* _AVAILABLE DATA_:
- - - - - - -

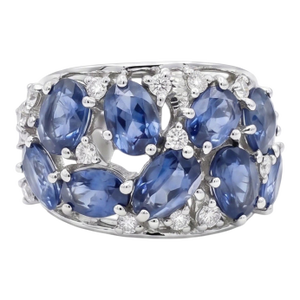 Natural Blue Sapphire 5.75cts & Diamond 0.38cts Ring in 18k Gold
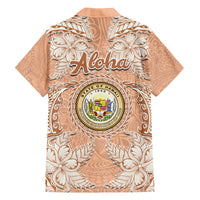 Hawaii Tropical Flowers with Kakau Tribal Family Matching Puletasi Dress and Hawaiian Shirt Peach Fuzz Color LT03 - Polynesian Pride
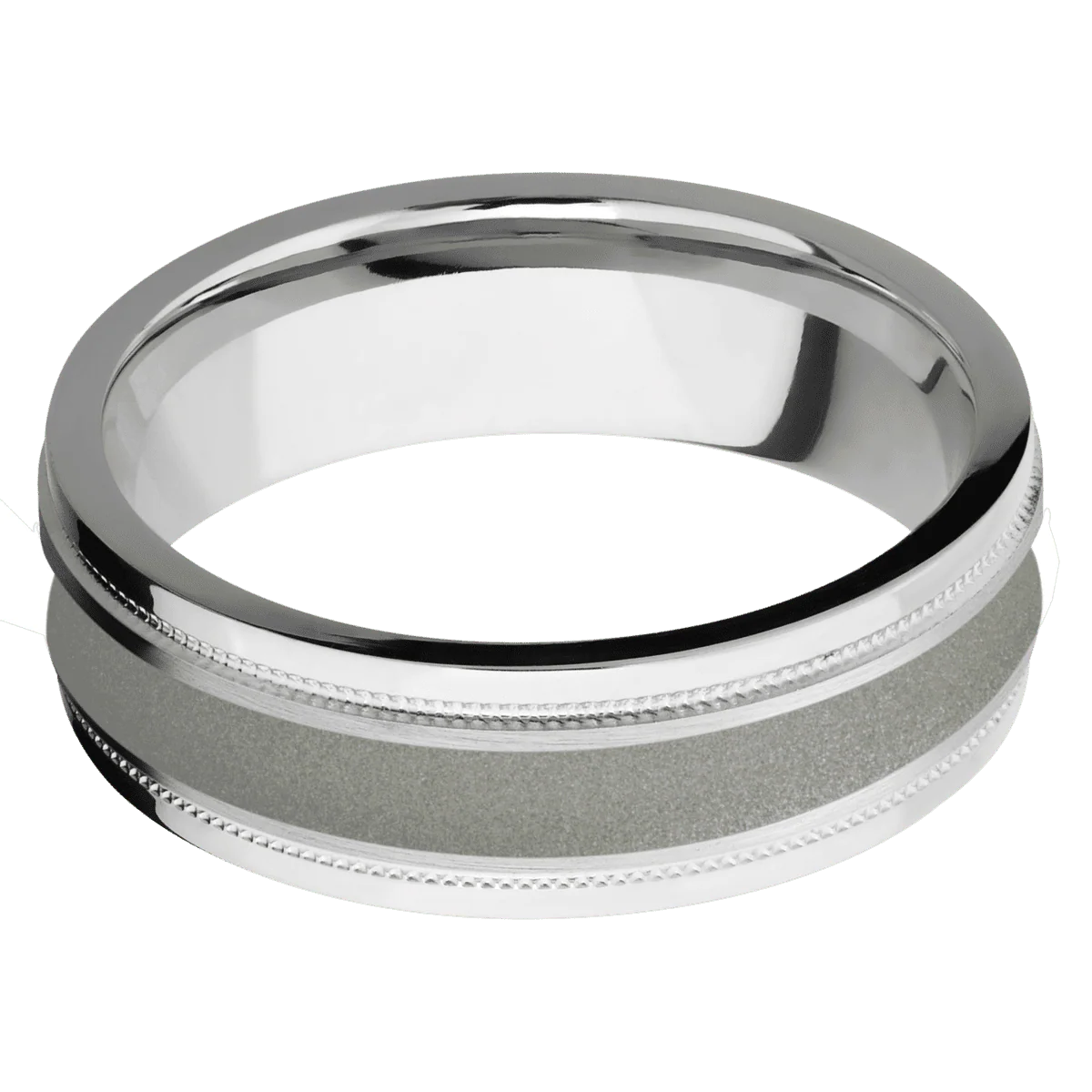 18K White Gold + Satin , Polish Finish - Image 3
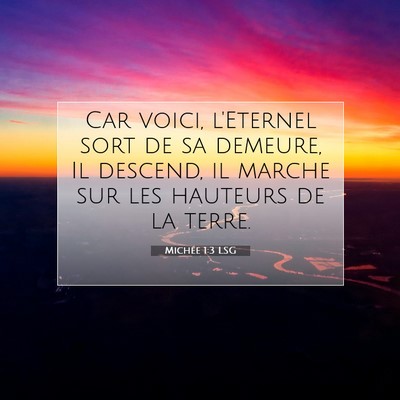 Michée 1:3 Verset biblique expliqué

- - - - - - -

* _TASK REQUIREMENTS_:
Give back the material exactly as written, images excluded.

* _ANSWER FOR THE TASK_:
 Natural Blue Sapphire 5.75cts & Diamond 0.38cts Ring in 18k Gold
 Hawaii Tropical Flowers with Kakau Tribal Family Matching Puletasi Dress and Hawaiian Shirt Peach Fuzz Color LT03 - Polynesian Pride
 18K White Gold + Satin , Polish Finish - Image 3
 Michée 1:3 Verset biblique expliqué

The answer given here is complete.